• Your goal
Only an exact copy of the records, from the line with "2203 Honeybee Creek Drive, Griffin, GA 30224" through the last line, is wanted.

• Data extracts
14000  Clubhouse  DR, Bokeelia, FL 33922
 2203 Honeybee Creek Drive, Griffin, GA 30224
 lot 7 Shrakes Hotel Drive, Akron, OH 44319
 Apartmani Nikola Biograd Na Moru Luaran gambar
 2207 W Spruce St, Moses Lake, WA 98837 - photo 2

• Expected answer
 2203 Honeybee Creek Drive, Griffin, GA 30224
 lot 7 Shrakes Hotel Drive, Akron, OH 44319
 Apartmani Nikola Biograd Na Moru Luaran gambar
 2207 W Spruce St, Moses Lake, WA 98837 - photo 2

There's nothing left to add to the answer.